Western Blot analysis: HEK293SL cells (105 cells per well) were seeded in a poly-L-lysine-coated 6-well plate and transiently transfected with 3 µg Flag-AT1R, HA-B2R or HA-β2AR and/or 500 ng Flag-MEK1-WT, Flag-MEK1-DD, Flag-BRAF-WT, Flag-BRAF-V600E, Flag-K-Ras-WT, Flag-K-Ras-G12V, HA-ARF6-WT or HA-ARF6-T27N. Forty-eight hours post transfection, in a 37 °C water bath, cells were serum-starved for 30 min, pretreated with DMSO or Rasarfin (50 µM or at indicated concentrations) for 30 min, then stimulated or not with the indicated ligand [AngII (1 µM), BK (1 µM), Iso (10 µM) or EGF ( 100 ng/ml)] at indicated times. Cells were put on ice, washed with PBS and solubilized in 2x laemmli buffer (250 mM Tris–HCl pH 6.8, 2% SDS (w/v), 10% glycerol (v/v), 0.01% bromophenol blue (w/v) and 5% b-mercaptoethanol (v/v)) by heating at 65 °C for 15 min. Lysates were resolved on 10% or 14% SDS-PAGE, transferred to nitrocellulose membranes and immunoblotted for p-ERK1/2, ERK1/2, p-Akt, Akt, HA or FLAG. ImageLab 5.2 software was used to quantify the digital blots as fold of the phosphorylated protein over total protein, which were then normalized as indicated in the figure legends.

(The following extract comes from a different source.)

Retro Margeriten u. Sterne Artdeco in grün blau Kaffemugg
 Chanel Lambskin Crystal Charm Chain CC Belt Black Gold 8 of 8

Purification of recombinant proteins: GST, GST-tagged Golgi Associated, Gamma Adaptin Ear Containing, ARF Binding Protein 3 Binding Domain (GST-GGA3-PBD), Raf1-Ras Binding Domain (GST-Raf1-RBD) and Rhotekin-Rho Binding Domain (GST-Rhotekin-RBD), as well as Ras proteins (pGEX-6P-1-H-Ras, pGEX-6P-1-K-Ras-WT and pGEX-6P-1-K-Ras-Y32A) were expressed in E. coli BL21 cells grown in LB medium and induced with isopropyl β-D-1-thiogalactopyranoside (IPTG) under the respective conditions: 1 mM for 1 hour at 37 °C (GST and GST-Raf1-BD), 0.6 mM for 3–4 hours at 30 °C (GST-Rhotekin-RBD and GST-GGA3-PBD) or 0.12 mM for 16 hours at 15 °C (pGEX-6P-1-H-Ras, pGEX-6P-1-K-Ras-WT and pGEX-6P-1-K-Ras-Y32A). The GST fusion proteins were purified using Glutathione Sepharose 4B as previously described by 81.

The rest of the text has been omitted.